The rewards soon followed: In 2015 he won in both Munich and Madrid having never made a clay final before. And last year, he impressed still more, beginning with a semi run in Monte-Carlo, finals in Madrid and Roland Garros, and the title in Rome.
The rest of 2016 is history: undefeated on grass, winning his second Olympic gold, unbeaten through the last five tournaments of the year, claiming the No1 ranking with his first World Tour Finals trophy.
All of that, though, took a toll come this year and, also hindered by a bout of shingles, Murray has struggled to string together wins except for the title in Dubai. He then had to pull out of Miami with an elbow injury and only just made it back to court in time to play Monte-Carlo. Perhaps not surprisingly, he lost in his second match, and that gave him the time and incentive to add Barcelona to his schedule.
“I haven’t played many matches in the last five to six weeks so that’s the reason for coming here… I need to spend time on the practice court, but I came here to try and play matches, that’s the best way to adapt to surfaces against the best players in the world.”
As for his recovering elbow, he is happy with his progress:
“It’s good. I’m happy with how it felt last week.
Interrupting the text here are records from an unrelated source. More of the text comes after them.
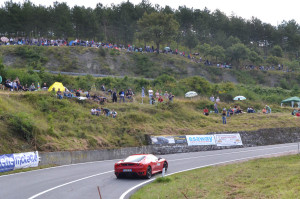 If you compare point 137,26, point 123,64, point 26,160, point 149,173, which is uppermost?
point 137,26

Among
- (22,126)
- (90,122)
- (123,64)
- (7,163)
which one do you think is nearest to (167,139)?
(90,122)

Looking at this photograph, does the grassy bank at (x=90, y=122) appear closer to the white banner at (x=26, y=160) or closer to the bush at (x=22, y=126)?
the bush at (x=22, y=126)

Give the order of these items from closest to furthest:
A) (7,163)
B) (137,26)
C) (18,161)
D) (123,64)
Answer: (7,163) → (18,161) → (123,64) → (137,26)

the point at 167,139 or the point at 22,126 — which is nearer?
the point at 22,126

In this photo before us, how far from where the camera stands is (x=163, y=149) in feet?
114

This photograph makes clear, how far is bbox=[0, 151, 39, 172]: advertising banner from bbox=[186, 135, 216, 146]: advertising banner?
1759 centimetres

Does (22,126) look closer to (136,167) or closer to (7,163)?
(7,163)

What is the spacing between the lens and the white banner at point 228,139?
3909cm

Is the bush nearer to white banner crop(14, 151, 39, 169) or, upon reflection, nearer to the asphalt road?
white banner crop(14, 151, 39, 169)

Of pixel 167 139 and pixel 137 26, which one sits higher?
pixel 137 26

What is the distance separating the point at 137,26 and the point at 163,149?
2609 inches

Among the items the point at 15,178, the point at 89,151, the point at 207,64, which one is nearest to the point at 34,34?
the point at 207,64

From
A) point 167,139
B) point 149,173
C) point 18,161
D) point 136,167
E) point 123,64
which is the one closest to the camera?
point 136,167

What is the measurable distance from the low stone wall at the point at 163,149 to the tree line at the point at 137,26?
40.6 metres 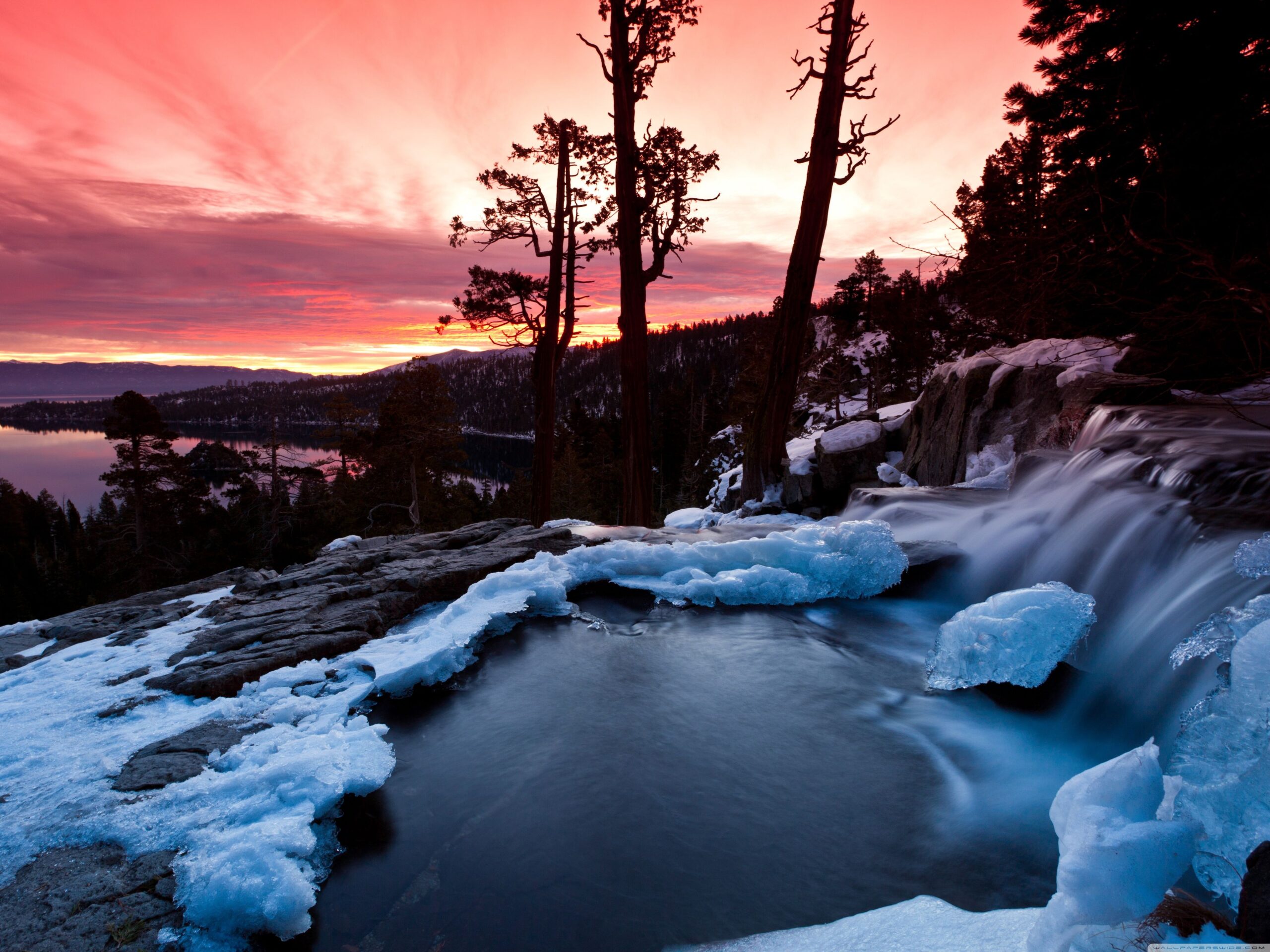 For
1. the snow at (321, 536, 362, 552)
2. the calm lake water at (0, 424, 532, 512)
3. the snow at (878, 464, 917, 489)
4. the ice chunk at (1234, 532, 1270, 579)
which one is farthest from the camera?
the calm lake water at (0, 424, 532, 512)

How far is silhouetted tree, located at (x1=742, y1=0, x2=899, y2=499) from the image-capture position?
35.1 feet

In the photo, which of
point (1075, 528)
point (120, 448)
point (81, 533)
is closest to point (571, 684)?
point (1075, 528)

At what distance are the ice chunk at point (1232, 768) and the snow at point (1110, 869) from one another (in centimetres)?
15

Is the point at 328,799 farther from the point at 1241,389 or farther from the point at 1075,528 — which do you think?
the point at 1241,389

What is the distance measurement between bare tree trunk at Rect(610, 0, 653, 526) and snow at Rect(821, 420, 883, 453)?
3763 mm

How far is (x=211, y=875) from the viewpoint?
7.96 ft

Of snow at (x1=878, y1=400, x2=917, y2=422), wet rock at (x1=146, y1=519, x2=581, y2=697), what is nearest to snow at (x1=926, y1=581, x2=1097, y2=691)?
wet rock at (x1=146, y1=519, x2=581, y2=697)

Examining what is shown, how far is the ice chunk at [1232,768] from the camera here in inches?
84.0

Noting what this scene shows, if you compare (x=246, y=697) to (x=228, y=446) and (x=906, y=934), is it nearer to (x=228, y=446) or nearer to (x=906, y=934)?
(x=906, y=934)

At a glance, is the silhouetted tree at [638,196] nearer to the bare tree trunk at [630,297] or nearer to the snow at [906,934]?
the bare tree trunk at [630,297]

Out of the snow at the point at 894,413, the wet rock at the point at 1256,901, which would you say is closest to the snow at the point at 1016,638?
the wet rock at the point at 1256,901

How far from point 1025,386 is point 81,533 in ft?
228

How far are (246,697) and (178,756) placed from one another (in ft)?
2.34

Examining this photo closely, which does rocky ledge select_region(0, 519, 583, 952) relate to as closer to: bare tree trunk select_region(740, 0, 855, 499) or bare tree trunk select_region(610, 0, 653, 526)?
bare tree trunk select_region(610, 0, 653, 526) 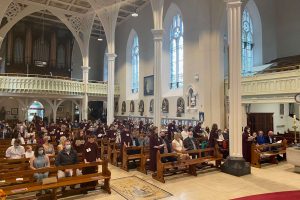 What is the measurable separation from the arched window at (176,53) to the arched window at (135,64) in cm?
503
I didn’t serve as well as I would have liked but I didn’t have loads of time to practise beforehand, and I’m sure it will be better again [here].”
With so many points to defend through both the clay swing and the rest of the season, it will take some strong performances at every stage to hold onto the top spot, though as he said in Dubai, “I don’t need to stay at No1. I mean nothing bad happens if I go to No2: My life’s OK, no-one dies, it’s all good! But I mean, I want to try to stay there so I’m motivated to try and do that.”
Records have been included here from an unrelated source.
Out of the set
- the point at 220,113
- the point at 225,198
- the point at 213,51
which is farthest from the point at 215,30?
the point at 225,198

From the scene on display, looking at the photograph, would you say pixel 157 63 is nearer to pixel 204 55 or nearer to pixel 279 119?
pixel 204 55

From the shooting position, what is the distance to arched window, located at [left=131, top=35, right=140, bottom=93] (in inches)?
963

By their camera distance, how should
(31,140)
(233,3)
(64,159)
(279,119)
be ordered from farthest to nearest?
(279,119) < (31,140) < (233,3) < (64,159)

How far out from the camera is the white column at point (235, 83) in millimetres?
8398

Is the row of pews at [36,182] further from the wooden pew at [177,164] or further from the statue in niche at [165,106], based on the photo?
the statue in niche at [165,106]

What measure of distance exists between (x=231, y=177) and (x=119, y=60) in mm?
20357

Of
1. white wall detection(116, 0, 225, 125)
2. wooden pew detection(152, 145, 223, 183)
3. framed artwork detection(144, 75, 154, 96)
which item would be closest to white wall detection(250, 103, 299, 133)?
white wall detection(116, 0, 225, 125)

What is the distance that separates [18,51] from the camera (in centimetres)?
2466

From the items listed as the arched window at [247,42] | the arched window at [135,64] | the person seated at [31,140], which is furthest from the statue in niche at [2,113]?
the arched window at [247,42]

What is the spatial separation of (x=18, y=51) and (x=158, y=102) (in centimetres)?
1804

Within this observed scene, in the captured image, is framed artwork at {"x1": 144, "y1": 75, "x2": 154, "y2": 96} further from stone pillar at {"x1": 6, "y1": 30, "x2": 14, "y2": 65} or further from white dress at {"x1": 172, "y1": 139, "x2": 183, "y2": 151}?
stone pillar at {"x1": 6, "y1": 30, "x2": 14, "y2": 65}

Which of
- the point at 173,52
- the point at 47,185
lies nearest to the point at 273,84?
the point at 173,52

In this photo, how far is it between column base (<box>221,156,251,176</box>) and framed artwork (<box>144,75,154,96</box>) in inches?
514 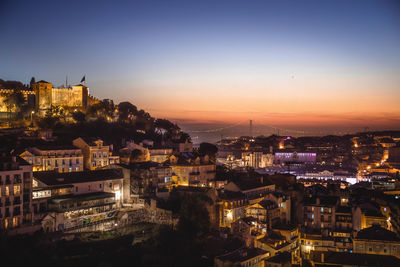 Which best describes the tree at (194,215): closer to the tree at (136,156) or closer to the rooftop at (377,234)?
the rooftop at (377,234)

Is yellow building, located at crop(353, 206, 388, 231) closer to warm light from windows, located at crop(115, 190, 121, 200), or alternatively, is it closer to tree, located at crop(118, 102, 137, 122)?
warm light from windows, located at crop(115, 190, 121, 200)

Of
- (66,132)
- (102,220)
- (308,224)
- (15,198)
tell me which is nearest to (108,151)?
(66,132)

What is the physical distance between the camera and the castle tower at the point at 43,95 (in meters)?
49.2

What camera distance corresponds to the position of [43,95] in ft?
163

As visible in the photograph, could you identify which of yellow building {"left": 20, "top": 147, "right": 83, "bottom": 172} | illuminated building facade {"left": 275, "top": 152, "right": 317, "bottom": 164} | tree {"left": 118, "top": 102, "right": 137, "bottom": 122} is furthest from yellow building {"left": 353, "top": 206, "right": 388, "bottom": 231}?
illuminated building facade {"left": 275, "top": 152, "right": 317, "bottom": 164}

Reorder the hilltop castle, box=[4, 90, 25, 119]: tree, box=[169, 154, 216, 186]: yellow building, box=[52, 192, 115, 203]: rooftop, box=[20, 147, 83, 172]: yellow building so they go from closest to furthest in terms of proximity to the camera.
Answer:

The job has since become harder, of course, as a result of illness and injury, but Murray remains pragmatic.
“You have some of the best players of all time playing just now, and playing great tennis this year, and some of the young players are playing better too. So it’s going to be tough, but I’m happy to be fit and healthy again.”
His cause in Barcelona is not helped by drawing Ramos-Vinolas in his quarter: The in-form Spaniard beat Murray on his way to that final in Monte-Carlo. First up is Bernard Tomic, and other Spaniards in this section include No6 seed Roberto Bautista Agut.
As luck would have it, fellow Britons Kyle Edmund and Dan Evans, who drew one another in the first round in Monte-Carlo—with winner Edmund then facing Nadal—fell into the same segment again, the quarter headed by No4 seed Dominic Thiem.
Both Britons won their first matches—for Evans, a first main-tour win on clay—but Edmund then lost to Thiem, 6-1, 6-4. Evans, however, went on to beat No14 seed Mischa Zverev for his second straight win, and now it is his turn to face Thiem, with Pablo Carreno Busta the next highest seed in this quarter.
It is, though, hard to look beyond Nadal in Barcelona—and almost as hard to see beyond Murray as his final opponent come Sunday.